As already said, in order to push out the exposure time, you need to make what the camera is seeing darker. Which is done by neutral density filters.
These basically come in 2 forms. Circular, which screw onto the end of the lens itself and match the round end of the lens. Or square. You attach a filter holder onto the end of the lens and then slide square filters into the filter holder. There are adapters which join the holder to the correct diameter of lens. That way you can have more than one filter attached the end of the lens.
I would recommend going down the route of the square + holder , because by just changing the adapter on the end to fit whatever lens you are using, you can use all of your filters across all of your lenses.

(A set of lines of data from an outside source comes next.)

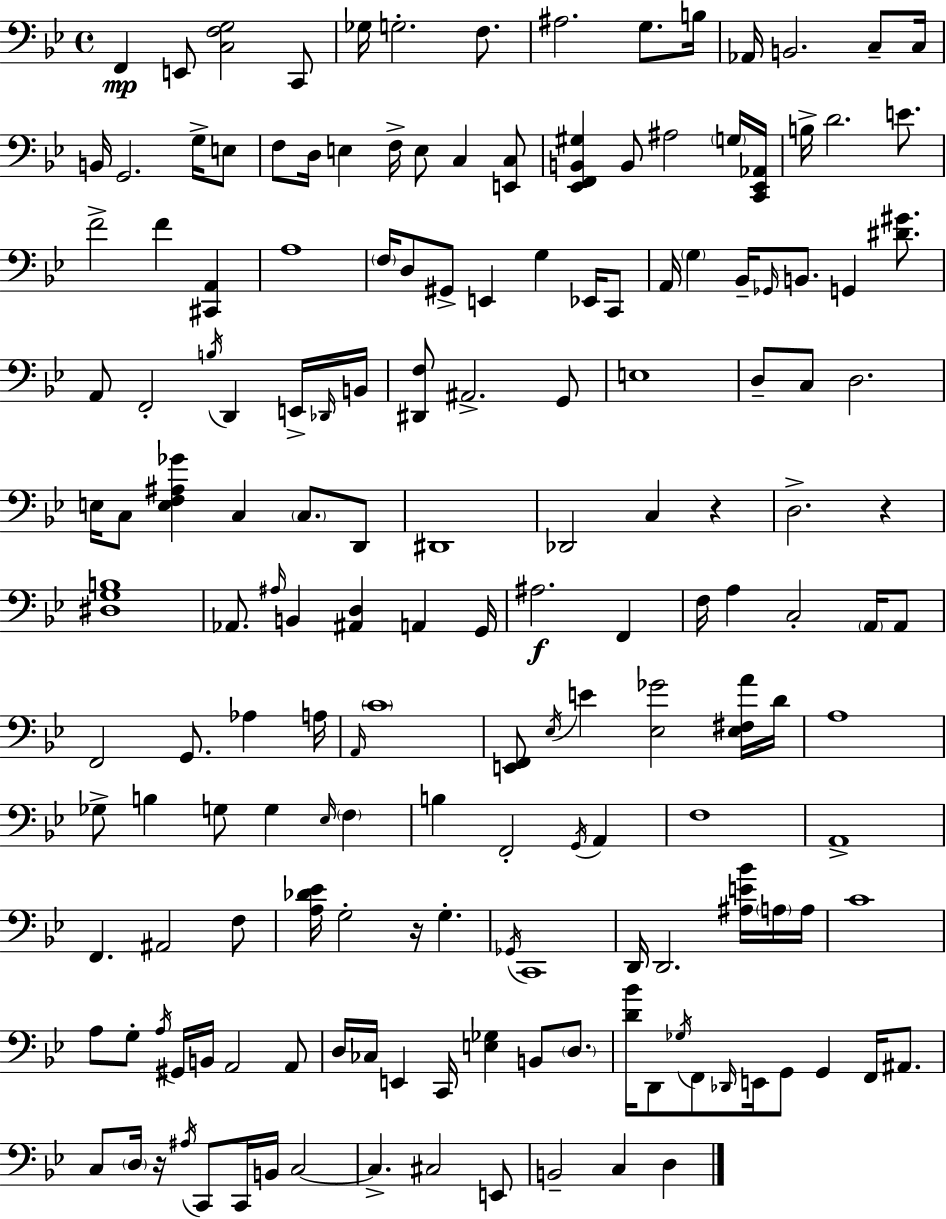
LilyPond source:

{
  \clef bass
  \time 4/4
  \defaultTimeSignature
  \key bes \major
  f,4\mp e,8 <c f g>2 c,8 | ges16 g2.-. f8. | ais2. g8. b16 | aes,16 b,2. c8-- c16 | \break b,16 g,2. g16-> e8 | f8 d16 e4 f16-> e8 c4 <e, c>8 | <ees, f, b, gis>4 b,8 ais2 \parenthesize g16 <c, ees, aes,>16 | b16-> d'2. e'8. | \break f'2-> f'4 <cis, a,>4 | a1 | \parenthesize f16 d8 gis,8-> e,4 g4 ees,16 c,8 | a,16 \parenthesize g4 bes,16-- \grace { ges,16 } b,8. g,4 <dis' gis'>8. | \break a,8 f,2-. \acciaccatura { b16 } d,4 | e,16-> \grace { des,16 } b,16 <dis, f>8 ais,2.-> | g,8 e1 | d8-- c8 d2. | \break e16 c8 <e f ais ges'>4 c4 \parenthesize c8. | d,8 dis,1 | des,2 c4 r4 | d2.-> r4 | \break <dis g b>1 | aes,8. \grace { ais16 } b,4 <ais, d>4 a,4 | g,16 ais2.\f | f,4 f16 a4 c2-. | \break \parenthesize a,16 a,8 f,2 g,8. aes4 | a16 \grace { a,16 } \parenthesize c'1 | <e, f,>8 \acciaccatura { ees16 } e'4 <ees ges'>2 | <ees fis a'>16 d'16 a1 | \break ges8-> b4 g8 g4 | \grace { ees16 } \parenthesize f4 b4 f,2-. | \acciaccatura { g,16 } a,4 f1 | a,1-> | \break f,4. ais,2 | f8 <a des' ees'>16 g2-. | r16 g4.-. \acciaccatura { ges,16 } c,1 | d,16 d,2. | \break <ais e' bes'>16 \parenthesize a16 a16 c'1 | a8 g8-. \acciaccatura { a16 } gis,16 b,16 | a,2 a,8 d16 ces16 e,4 | c,16 <e ges>4 b,8 \parenthesize d8. <d' bes'>16 d,8 \acciaccatura { ges16 } f,8 | \break \grace { des,16 } e,16 g,8 g,4 f,16 ais,8. c8 \parenthesize d16 r16 | \acciaccatura { ais16 } c,8 c,16 b,16 c2~~ c4.-> | cis2 e,8 b,2-- | c4 d4 \bar "|."
}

There are 2 main sizes of square filters ... I'd recommend you go for the larger one at 83mm ... that way you can attach the filter onto wider and physically larger lenses.
As a basic place to start and get them, 7dayshop.co.uk do a good selection of holders and filters in the standard sizes. Its not pro-range stuff, but its good enough to learn with and if you really want to go further, then you can buy the expensive stuff later.
Some other things to consider:
A neutral density filter will darken the whole picture. In the type of shot you posted, its quite often the case that the sky is bright and the foreground much darker. A graduated ND filter can be used to darken just one half of the picture ( such as the sky ) to prevent over-exposure of the sky and allow the darker foreground to remain visible. Using a square filter also means that you can slide the filter up and down in the holder to adjust the fade point to match the scene as required.
Another filter worth considering would be a circular polariser. They can add a lot of the type of photograph you've posted too. ( plus they are quite dark filters and act as an neutral density filter at the same time. ) I'll let you read up about polarising filters in your own time.